Foto: Malecón, Habana, tomada de neiljs en Flickr. Licencia Creative Commons.

Por Ciro Velázquez Ruiz

» Es la manera de sentir las cosas y no ellas mismas lo que nos hace felices o desgraciados»
Arthur Schopenhauer

La tarde agoniza, es el 7 de noviembre del 2019 y desde un piso 14 miro el horizonte siempre azul de esta ciudad entrañable. Al fondo el sol crepuscular parece derretirse en rojos y naranjas desteñidos dentro de un inmenso crisol. El impetuoso mar retumba y golpea con sus olas el muro que divide la ciudad del mar, y luego del choque, las últimas gotas caen al piso con un sonido de agua efervescente.

Estoy frente al Malecón de la Ciudad de la Habana Cuba, que visité por primera vez hace ventimuchos años y a la que vuelvo siempre que la nostalgia apremia.

Me cautiva esta ciudad que en unos dias (el 16 de Noviembre del 2019) cumple 500 años.
Y siempre que vengo, me regodeo recorriéndola para admirar su belleza, para distinguir sus contrastes, y cambios, para vivir una ciudad en dos tiempos: la de antaño y la de hogaño; andarla y desandarla, mirarla y admirarla, sentir su palpitar cotidiano y su atmósfera cálida y sensual; la recorro para mirar todo el arte y la historia que mana esta ciudad añosa; para contemplar su grandiosa arquitectura de muros decorados, de columnas, de aleros y salientes barrocos, de enrejados balcones; para distinguir los contrastes en algunas zonas como Centro Habana y sus calles sórdidas y edificios ruinosos por las que no camina ningún turista y que limita con las lustrosas y reemozadas áreas del Parque Central o el Capitolio; o recorrer amplísimas y verdes avenidas como las del Barrio del Vedado con sus palacetes, y después las estrechas calles de la Habana Vieja, la camino para comparar los muros pétreos del los Fuertes y el Castillo del Morro que difieren con los modernos edificios del Malecón; o ver las diferencias entre la modernidad de sus Centros Comerciales y la sencilla modestia de sus Mercados Agropecuarios.

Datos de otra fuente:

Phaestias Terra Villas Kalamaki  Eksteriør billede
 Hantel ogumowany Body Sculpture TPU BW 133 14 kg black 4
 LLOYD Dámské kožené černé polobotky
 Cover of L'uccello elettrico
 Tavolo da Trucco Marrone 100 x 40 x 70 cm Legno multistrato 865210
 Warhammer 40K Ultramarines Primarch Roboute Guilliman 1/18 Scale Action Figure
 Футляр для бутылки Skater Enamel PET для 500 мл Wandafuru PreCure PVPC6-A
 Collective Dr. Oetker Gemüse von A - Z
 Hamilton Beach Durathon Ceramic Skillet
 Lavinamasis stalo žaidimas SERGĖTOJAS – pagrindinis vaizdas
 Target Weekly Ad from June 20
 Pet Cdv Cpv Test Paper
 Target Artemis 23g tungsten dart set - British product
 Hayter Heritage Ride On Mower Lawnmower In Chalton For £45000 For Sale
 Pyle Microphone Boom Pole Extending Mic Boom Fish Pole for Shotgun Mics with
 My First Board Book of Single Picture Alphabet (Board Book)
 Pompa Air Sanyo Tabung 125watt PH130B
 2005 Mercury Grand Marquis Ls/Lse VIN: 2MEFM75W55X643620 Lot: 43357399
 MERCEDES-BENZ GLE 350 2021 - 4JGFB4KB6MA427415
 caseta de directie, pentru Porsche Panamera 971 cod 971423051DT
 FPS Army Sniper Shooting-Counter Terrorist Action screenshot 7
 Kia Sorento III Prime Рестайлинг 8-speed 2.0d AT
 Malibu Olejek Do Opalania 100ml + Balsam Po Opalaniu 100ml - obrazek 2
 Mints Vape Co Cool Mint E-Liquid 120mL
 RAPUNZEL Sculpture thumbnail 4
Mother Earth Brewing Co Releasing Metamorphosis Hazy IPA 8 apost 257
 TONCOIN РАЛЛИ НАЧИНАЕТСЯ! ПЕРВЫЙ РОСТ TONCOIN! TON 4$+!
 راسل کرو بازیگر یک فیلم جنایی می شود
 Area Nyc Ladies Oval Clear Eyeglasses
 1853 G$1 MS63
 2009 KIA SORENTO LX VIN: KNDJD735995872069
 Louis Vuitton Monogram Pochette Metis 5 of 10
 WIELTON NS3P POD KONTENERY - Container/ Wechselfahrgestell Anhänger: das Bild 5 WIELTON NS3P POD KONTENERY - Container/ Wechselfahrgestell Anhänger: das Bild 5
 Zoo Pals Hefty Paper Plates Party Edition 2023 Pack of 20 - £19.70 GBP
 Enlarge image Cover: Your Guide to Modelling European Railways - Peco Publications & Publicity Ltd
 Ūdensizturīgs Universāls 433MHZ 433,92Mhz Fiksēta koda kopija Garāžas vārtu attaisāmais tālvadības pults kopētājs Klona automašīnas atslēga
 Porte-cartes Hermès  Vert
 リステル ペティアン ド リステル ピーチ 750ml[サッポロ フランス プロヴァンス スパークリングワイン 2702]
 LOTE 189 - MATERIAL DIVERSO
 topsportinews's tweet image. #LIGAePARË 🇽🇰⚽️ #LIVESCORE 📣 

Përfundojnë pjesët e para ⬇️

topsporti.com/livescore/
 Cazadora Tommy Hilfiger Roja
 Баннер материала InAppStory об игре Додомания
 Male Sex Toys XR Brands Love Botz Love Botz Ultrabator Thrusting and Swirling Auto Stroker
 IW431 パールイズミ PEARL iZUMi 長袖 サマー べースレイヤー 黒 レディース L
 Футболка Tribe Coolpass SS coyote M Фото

Imagino entonces a una Habana Cenicienta que va mostrando parcial y paulatinamente su belleza soterrada, a base de pintura, adoquin, de maderas, iluminación y jardineria. Una Habana que se acicala cada dia mejor, para regocijo de todas las miradas.

Pero me gusta caminarla además para mirar ese otro paisaje: el humano, el de los isleños de voz estentórea con su español tan expresivo y escaso de «erres», o el de mujeres bellas y sensuales que caminan como en pasarela; el de hombres y mujeres esforzados que salen cada día a las calles en busca del sustento; el de sus pregoneros y mendigos; me gusta caminarla para escuchar los sonidos singulares de esos motores viejos y cansados que se arrrastran por sus calles; recorrerla para cotejar los paisajes habaneros que describieron en sus libros escritores como: Cabrera Infante, Eliseo Alberto, Pedro Juan Gutiérrez, Senel Paz, Lezama Lima, Calvert Casey o Virgilio Piñera; recorrerla para alegrarme en cada esquina o plaza con los sonidos inconfundibles del bongó, de las maracas o el tres, que dan vida a ritmos como el son y la guaracha, el bolero y la trova, la rumba o el guaguancó, y otros tantos ritmos que Cuba ha dado para el mundo.

¿Y por qué no?, me gusta también hacerlo para reconocer esos efluvios, a sarro y a salitre, a humos y aceites quemados tan característicos.

Finalmente la camino para que al hacerlo, el calor, la sed y el cansancio muevan al cuerpo a reclamar los sabores inconfundibles de la cocina criolla tan llena de arroces y frituras, de malangas y yucas; de ajíacos y caldosas, de cubalibres y mojitos, en pocas palabras: para vivir con intensidad mi idilio permanente con la capital cubana.

No recuerdo si fué Calvino en «Las Ciudades invisibles», quien dijo que a las ciudades se les ama como a una mujer. Si es así, Oaxaca es el amor de mi vida, pero la Habana es una amante sensual y voluptuosa difícil de olvidar.

Gustav Flaubert dijo también alguna vez: » Hay lugares tan bellos en la tierra que uno quisiera poderlos estrechar contra su corazón» Y para mí, la Habana es uno de los tan.